** Opening SOURCE DATA block **

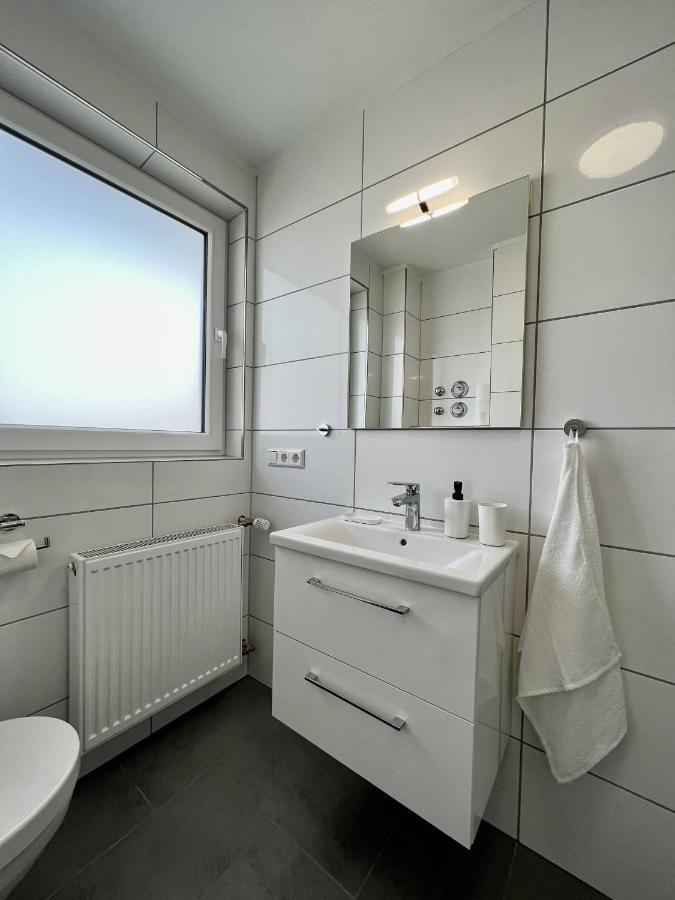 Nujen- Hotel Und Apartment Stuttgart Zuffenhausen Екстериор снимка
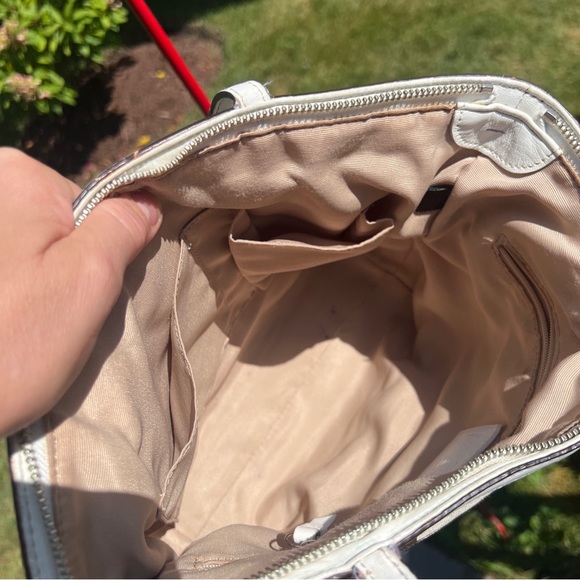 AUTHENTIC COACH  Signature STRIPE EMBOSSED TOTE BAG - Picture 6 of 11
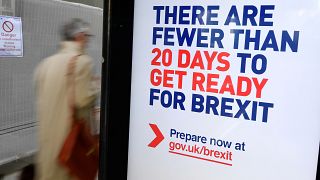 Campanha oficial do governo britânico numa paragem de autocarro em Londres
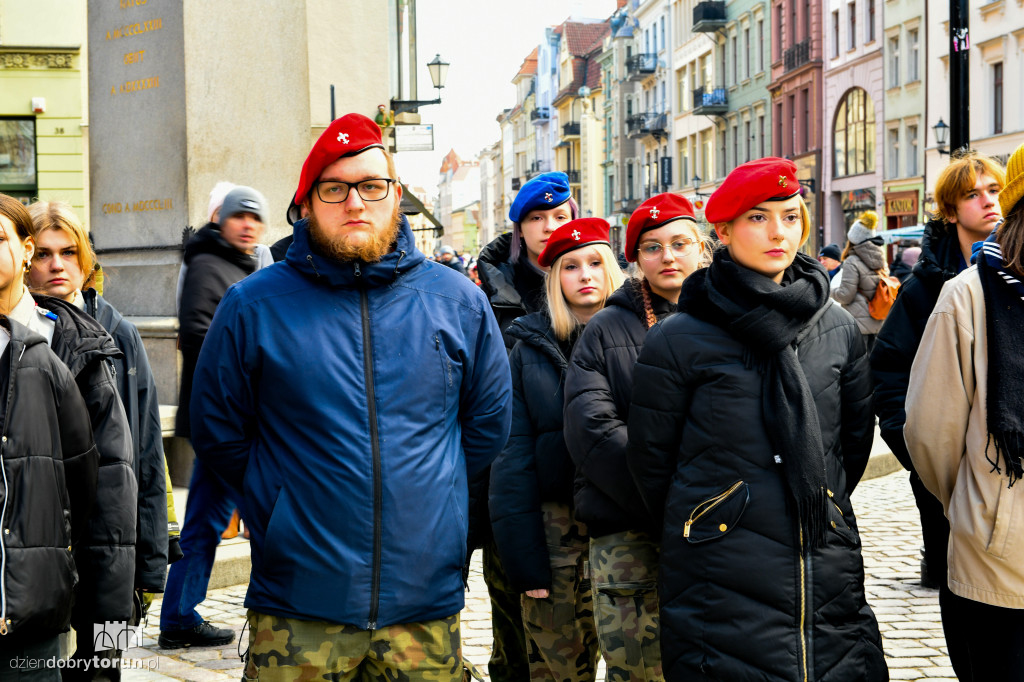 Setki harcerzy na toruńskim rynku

** Closing SOURCE DATA block **

Set down all of the material above exactly as written, leaving the pictures out.

## YOUR SOLUTION
 Nujen- Hotel Und Apartment Stuttgart Zuffenhausen Екстериор снимка
 AUTHENTIC COACH  Signature STRIPE EMBOSSED TOTE BAG - Picture 6 of 11
 Campanha oficial do governo britânico numa paragem de autocarro em Londres
 Setki harcerzy na toruńskim rynku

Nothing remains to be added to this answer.